| Your task |
Below are records with pictures; copy word for word only the lines between the line with "OPPO A57 5G" and the line with "Antique Framed Mountain Path Painting", inclusive, and drop the pictures.

| Records supplied |
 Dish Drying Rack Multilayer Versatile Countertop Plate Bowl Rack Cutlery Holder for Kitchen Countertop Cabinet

---

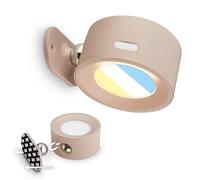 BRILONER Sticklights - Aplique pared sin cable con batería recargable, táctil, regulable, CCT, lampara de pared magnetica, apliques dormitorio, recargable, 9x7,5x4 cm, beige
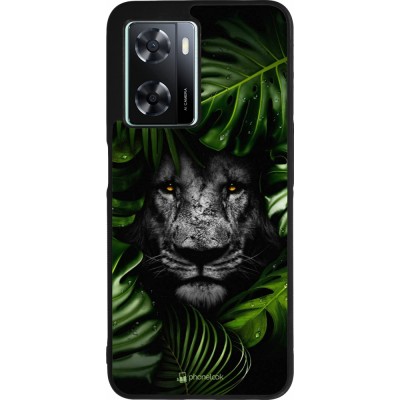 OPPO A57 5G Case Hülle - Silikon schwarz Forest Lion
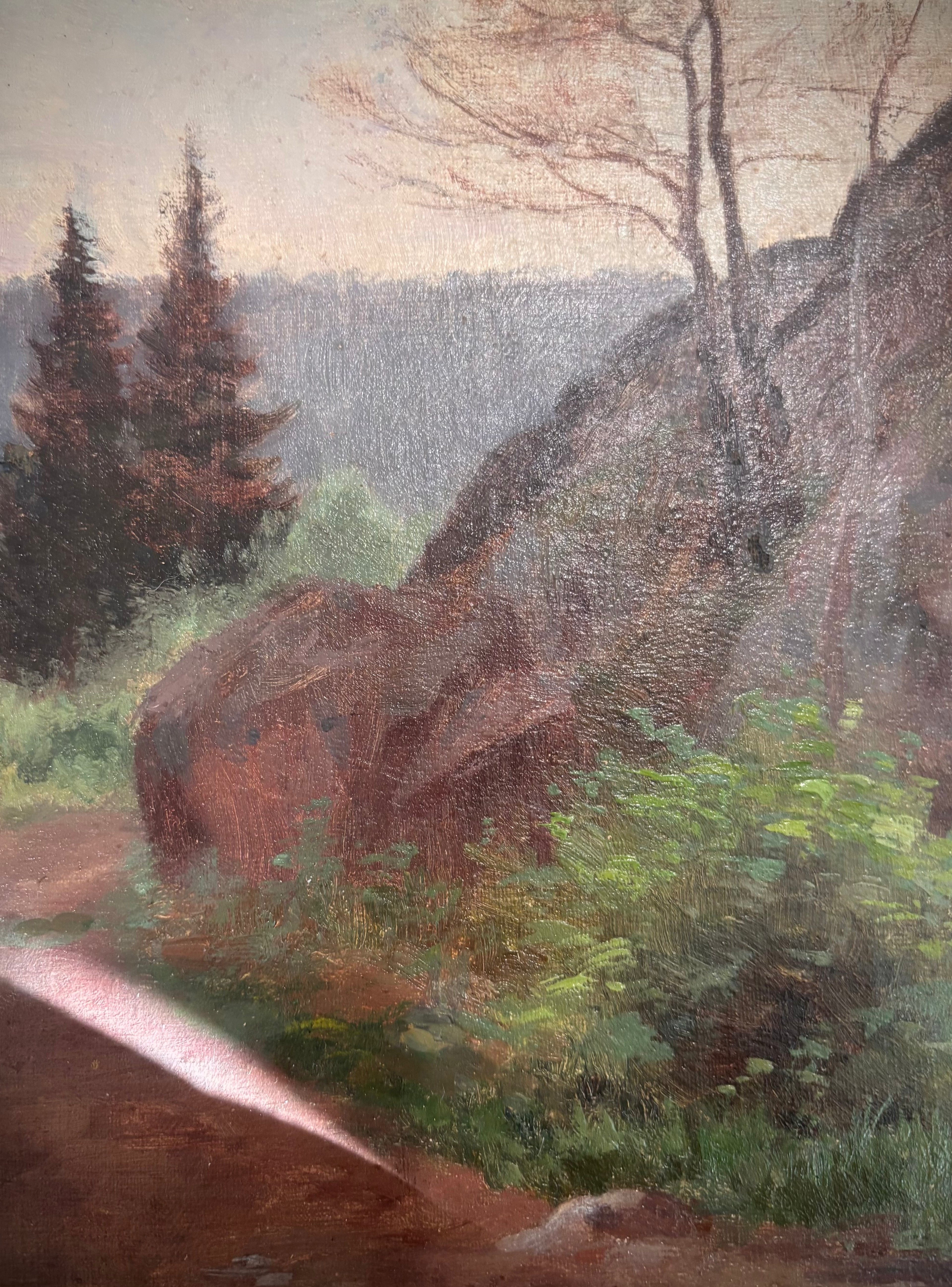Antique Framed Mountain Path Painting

| Answer |
 OPPO A57 5G Case Hülle - Silikon schwarz Forest Lion
Antique Framed Mountain Path Painting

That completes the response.